Si tu le croises dans les rues de Paris, tu seras probablement attiré-e par son aura énigmatique. Le regard à la fois très présent et lointain, la démarche chaloupée, Benjamin Sarp semble danser sur la vie avec un grand sens du rythme. Rencontre avec un musicien libre et heureux de vivre. 

 

« Un musicien est toujours mis à nu, seul face au jugement des autres. »

– Benjamin Sarp

 

Benjamin Sarp, 27 ans, est musicien. Lorsqu’il n’est pas en tournée avec l’orchestre du cirque Bouglione, il accompagne des chanteurs lyriques au piano, se produit avec un trio de jazz ou en tant qu’organiste. L’artiste a toujours connu la musique : « Je n’ai pas vraiment eu le choix.
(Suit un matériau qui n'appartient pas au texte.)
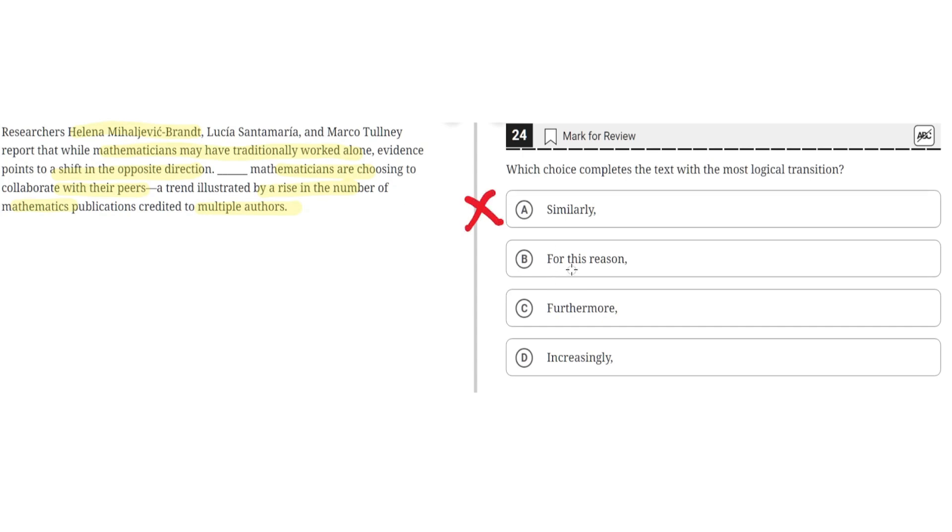B. For this reason. This is incorrect because the second sentence elaborates what was said in the previous sentence, and the first sentence does not give a reason for why there is a shift. It simply says that there is a shift. So, B is incorrect.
C’est ma mère, elle-même professeure de piano, qui m’a imposé la pratique d’un instrument à 2 ans. » À peine commence-t-il à parler que Benjamin se retrouve un violon entre les mains. Tous les petits airs que sa mère lui apprend, il les reproduit ensuite sur le piano, objet principal de sa passion future. Face à son engouement, cette dernière l’inscrit à l’âge de 3 ans à des cours de piano, en plus de ceux du violon.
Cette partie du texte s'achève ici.